Pubblichiamo la trascrizione della prima parte della relazione che ha introdotto la discussione “Fascismo, cos’è e come combatterlo” nell’ambito del seminario nazionale di Sinistra Classe Rivoluzione (Bologna, 11-12 dicembre 2021). Il video integrale della discussione è disponibile sul canale youtube di Sinistra Classe Rivoluzione.

Fascismo, una definizione scientifica

Per poter dare una definizione scientifica e rigorosa di fascismo ci vengono in aiuto alcune citazioni dagli scritti di Trotskij degli anni ‘30:

Il movimento fascista in Italia fu un movimento spontaneo di larghe masse (…).è un movimento plebeo in origine, diretto e finanziato da forti poteri capitalisti. è emerso dalla piccola borghesia, il sottoproletariato e persino in una certa misura da masse proletarie.” (Cos’è il fascismo, 15 novembre 1931).
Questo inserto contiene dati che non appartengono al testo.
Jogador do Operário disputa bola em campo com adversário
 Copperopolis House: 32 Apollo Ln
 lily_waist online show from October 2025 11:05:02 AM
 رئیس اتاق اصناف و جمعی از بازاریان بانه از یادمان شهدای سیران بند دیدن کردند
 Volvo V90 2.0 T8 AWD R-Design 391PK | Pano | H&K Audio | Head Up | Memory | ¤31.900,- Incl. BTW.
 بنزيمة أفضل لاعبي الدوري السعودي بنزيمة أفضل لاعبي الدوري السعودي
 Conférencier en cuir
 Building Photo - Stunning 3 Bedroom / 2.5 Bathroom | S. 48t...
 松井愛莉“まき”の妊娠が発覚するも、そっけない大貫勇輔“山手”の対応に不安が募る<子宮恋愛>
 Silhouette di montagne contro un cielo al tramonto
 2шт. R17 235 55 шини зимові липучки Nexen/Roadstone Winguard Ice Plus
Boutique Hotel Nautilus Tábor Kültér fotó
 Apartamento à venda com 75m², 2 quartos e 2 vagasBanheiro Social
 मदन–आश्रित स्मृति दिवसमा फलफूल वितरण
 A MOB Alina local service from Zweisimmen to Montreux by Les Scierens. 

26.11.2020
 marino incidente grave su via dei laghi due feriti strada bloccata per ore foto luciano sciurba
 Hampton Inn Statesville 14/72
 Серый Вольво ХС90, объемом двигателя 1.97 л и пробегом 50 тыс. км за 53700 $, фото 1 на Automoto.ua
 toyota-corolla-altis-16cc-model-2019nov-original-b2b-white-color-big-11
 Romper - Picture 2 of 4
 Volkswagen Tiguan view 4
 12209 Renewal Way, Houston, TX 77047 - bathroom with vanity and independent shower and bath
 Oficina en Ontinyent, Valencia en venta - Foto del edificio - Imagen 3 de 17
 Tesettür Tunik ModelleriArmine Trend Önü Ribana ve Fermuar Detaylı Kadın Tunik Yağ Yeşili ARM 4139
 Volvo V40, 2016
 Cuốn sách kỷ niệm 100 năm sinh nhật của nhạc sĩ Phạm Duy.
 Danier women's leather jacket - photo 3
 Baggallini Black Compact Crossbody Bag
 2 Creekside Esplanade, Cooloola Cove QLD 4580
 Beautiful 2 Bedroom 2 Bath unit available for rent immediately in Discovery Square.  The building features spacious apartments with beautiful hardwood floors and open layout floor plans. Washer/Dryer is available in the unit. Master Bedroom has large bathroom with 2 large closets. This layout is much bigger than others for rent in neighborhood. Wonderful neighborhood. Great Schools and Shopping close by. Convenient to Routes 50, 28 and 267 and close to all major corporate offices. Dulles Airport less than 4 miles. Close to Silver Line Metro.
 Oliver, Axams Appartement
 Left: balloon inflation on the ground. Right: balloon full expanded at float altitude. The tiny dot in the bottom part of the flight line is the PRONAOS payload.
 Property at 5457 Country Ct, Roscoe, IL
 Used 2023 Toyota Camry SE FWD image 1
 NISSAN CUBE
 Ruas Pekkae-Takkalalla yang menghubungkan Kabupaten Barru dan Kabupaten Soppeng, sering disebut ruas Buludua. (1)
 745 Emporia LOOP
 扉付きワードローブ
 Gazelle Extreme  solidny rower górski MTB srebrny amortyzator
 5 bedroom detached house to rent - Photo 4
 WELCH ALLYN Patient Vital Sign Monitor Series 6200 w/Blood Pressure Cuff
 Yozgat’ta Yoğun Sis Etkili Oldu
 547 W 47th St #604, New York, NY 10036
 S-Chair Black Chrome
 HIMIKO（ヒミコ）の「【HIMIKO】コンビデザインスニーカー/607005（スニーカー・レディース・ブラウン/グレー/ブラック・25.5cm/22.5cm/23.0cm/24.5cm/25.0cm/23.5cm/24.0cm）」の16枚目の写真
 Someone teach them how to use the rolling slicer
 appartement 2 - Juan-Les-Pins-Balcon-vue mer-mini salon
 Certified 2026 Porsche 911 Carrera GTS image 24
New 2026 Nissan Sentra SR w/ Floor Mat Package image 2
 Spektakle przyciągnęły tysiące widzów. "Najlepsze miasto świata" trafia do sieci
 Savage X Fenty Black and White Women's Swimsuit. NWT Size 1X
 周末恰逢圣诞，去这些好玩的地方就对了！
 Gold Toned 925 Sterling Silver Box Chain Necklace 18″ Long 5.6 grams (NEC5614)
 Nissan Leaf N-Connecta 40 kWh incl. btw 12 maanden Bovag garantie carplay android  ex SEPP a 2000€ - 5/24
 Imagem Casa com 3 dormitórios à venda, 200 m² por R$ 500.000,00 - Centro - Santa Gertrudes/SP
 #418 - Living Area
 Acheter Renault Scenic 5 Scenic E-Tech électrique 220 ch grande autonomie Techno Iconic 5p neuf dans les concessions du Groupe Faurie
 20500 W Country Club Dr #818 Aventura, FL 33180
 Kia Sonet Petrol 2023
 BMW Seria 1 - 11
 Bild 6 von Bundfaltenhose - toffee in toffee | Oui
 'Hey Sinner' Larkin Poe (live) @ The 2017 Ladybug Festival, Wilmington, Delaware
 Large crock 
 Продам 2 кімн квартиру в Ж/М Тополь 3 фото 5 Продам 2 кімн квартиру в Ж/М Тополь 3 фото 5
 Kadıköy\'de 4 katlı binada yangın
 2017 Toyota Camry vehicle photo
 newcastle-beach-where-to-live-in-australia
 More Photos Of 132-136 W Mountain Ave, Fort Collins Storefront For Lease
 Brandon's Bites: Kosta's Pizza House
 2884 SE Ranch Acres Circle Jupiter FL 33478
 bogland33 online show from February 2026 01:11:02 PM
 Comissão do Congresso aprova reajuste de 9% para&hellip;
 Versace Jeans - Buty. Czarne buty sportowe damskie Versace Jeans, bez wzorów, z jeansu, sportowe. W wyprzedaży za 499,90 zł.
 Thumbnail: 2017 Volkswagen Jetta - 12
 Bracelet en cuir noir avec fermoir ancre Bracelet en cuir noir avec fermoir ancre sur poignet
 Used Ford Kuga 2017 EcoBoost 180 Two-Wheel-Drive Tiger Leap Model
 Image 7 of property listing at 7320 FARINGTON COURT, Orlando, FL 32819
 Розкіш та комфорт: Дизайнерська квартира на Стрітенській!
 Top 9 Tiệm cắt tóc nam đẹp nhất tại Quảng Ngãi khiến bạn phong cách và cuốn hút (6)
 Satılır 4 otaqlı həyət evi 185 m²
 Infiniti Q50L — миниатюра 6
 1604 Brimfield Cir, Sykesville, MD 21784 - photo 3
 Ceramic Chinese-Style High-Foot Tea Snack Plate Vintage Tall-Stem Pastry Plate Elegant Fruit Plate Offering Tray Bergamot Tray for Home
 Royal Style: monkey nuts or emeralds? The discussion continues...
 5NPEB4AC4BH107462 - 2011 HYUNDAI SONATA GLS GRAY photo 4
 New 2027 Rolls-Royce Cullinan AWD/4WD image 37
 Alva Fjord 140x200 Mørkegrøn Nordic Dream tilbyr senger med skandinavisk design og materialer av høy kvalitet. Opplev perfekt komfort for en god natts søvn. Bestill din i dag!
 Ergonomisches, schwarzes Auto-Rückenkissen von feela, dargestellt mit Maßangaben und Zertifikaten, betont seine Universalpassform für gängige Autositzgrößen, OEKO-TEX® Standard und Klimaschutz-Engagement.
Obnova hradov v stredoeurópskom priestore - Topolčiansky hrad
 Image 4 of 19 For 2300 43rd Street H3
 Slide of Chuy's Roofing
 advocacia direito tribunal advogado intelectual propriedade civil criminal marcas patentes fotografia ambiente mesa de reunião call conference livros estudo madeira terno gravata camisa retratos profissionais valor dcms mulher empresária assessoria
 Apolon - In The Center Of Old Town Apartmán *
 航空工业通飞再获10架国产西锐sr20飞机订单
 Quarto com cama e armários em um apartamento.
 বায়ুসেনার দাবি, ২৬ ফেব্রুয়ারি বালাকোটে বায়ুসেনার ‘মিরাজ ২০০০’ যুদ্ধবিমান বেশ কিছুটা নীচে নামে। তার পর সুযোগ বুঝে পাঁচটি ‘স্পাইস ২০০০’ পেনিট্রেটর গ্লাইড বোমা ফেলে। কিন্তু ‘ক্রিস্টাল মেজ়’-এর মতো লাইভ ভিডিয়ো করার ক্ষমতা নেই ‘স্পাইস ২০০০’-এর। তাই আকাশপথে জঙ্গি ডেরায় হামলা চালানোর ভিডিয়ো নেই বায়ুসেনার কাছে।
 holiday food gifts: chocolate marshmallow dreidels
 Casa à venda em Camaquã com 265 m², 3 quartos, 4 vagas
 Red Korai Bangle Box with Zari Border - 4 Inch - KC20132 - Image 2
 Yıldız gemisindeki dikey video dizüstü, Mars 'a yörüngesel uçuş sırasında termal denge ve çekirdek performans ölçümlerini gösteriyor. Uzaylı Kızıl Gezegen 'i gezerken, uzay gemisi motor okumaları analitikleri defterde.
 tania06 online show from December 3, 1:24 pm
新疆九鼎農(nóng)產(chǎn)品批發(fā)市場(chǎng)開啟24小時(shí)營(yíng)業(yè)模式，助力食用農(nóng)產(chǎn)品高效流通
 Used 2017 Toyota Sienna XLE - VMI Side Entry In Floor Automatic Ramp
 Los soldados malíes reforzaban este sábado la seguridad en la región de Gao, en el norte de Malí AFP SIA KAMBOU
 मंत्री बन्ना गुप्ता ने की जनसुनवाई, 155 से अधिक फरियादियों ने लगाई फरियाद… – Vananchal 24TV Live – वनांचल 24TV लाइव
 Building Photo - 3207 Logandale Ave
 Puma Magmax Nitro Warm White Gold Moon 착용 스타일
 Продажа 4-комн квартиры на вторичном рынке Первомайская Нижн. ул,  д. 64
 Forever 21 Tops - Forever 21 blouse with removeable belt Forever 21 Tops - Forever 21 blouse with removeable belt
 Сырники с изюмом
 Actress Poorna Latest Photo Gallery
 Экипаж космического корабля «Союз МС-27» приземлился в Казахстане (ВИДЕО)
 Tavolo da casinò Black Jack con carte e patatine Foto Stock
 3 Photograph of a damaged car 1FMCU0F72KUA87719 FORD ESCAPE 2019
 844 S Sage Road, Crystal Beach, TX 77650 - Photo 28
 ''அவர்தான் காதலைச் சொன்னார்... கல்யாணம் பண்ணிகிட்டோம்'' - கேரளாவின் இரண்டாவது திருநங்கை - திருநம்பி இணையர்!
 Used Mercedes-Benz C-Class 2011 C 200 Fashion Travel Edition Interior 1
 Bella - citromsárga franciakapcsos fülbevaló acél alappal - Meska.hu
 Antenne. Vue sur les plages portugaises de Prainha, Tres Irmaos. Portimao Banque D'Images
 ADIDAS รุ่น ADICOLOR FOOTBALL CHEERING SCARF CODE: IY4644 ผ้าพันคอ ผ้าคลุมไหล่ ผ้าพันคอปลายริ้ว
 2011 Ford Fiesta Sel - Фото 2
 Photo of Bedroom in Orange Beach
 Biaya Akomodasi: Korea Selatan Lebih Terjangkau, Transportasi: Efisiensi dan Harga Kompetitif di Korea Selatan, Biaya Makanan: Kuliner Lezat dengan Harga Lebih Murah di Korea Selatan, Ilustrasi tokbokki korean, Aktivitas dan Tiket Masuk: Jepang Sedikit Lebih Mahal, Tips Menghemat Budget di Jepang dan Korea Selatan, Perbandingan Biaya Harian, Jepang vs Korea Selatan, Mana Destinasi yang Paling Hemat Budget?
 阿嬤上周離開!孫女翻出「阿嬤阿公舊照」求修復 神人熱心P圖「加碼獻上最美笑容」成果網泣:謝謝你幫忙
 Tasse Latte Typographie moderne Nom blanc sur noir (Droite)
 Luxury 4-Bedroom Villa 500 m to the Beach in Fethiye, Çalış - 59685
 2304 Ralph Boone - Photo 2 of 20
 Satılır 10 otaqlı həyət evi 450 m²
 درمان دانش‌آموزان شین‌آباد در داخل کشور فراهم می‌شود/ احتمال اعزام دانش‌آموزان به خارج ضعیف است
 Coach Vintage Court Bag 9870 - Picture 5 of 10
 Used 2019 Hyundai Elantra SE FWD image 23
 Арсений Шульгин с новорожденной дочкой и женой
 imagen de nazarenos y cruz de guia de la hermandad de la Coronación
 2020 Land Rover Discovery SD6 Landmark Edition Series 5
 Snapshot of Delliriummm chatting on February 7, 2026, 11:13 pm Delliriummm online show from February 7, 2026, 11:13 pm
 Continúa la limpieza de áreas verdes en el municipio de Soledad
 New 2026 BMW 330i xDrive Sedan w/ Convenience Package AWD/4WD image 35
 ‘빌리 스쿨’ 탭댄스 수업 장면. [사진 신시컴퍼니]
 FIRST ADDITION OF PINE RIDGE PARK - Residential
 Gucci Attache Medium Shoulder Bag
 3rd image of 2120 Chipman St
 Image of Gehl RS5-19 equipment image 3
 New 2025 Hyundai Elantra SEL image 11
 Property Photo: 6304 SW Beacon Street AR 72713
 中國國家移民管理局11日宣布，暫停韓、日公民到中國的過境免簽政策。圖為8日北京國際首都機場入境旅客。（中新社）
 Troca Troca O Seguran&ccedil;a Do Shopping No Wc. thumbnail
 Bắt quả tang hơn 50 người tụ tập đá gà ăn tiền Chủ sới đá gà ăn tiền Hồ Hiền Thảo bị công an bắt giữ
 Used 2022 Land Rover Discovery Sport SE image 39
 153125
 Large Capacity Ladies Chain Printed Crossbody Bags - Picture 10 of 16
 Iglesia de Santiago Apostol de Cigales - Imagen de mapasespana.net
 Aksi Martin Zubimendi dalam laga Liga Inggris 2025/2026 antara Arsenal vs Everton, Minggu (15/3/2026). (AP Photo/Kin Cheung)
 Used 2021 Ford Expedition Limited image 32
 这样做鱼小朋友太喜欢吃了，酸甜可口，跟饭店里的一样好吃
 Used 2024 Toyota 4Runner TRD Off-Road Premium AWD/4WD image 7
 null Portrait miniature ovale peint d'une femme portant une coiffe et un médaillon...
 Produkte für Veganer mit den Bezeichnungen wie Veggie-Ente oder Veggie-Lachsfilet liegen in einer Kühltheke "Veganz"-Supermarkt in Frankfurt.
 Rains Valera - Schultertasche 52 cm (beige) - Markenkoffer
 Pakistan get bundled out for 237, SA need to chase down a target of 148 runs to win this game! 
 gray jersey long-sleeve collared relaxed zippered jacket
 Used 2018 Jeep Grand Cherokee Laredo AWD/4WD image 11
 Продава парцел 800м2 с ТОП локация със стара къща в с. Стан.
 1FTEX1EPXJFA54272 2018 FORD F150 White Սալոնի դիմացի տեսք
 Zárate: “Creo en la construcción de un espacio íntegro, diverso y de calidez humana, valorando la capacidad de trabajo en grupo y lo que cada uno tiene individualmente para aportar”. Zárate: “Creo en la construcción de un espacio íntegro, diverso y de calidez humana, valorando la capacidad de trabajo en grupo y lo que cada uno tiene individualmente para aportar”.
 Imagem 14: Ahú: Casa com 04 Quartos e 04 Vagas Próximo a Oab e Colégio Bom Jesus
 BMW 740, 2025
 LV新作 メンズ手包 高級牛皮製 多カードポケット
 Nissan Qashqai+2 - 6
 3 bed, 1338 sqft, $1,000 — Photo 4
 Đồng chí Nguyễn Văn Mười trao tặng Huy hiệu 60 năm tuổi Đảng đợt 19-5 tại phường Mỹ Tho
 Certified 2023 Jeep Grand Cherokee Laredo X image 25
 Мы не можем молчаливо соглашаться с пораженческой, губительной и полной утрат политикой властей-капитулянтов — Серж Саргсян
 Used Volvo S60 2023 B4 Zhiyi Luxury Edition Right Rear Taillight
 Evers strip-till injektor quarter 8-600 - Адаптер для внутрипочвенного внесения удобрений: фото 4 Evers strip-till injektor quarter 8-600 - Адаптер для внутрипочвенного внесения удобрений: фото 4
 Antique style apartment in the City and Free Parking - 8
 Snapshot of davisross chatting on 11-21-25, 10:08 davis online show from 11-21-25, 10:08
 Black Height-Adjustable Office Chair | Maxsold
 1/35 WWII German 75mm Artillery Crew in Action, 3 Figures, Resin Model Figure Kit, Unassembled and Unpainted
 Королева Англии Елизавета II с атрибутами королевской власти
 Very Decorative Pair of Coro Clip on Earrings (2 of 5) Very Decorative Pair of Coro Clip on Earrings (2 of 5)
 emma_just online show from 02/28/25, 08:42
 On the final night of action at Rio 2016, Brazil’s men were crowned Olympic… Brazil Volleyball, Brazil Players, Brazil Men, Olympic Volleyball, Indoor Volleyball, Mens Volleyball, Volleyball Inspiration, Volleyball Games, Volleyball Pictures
“Il fascismo è uno strumento specifico di mobilitazione e organizzazione della piccola borghesia negli interessi del capitale finanziario (…). La mobilitazione politica della piccola borghesia contro il proletariato (…)è inconcepibile senza demagogia sociale che per la grande borghesia significa giocare col fuoco.”(Bonapartismo e fascismo, 15 luglio 1934).

In un regime fascista, almeno durante la sua prima fase, il capitale si appoggia alla piccola borghesia che distrugge le organizzazioni del proletariato. (…) Il fascismo ha come unico e fondamentale compito quello di radere al suolo tutte le istituzioni della democrazia proletaria.” (E ora? gennaio 1932).

In queste citazioni sono presenti gli aspetti fondamentali necessari a questa definizione. Innanzitutto il fatto che si tratta di uno strumento peculiare di lotta da parte della classe dominante, rispetto alla quale ha però una indipendenza relativa (non a caso Trotskij usa l’espressione “giocare col fuoco”). Altro elemento è che questa mobilitazione di massa serve a distruggere ogni forma di organizzazione indipendente della classe lavoratrice (partiti, sindacati, circoli ricreativi, ecc.). Il terzo punto è il carattere di massa: Trotskij parla infatti di “modo plebeo” di lotta della borghesia contro il proletariato, riprendendo un’espressione con la quale Marx indicava la lotta della borghesia nella sua fase di ascesa contro il feudalesimo, quando fu costretta ad appoggiarsi alle masse giacobine durante la rivoluzione francese.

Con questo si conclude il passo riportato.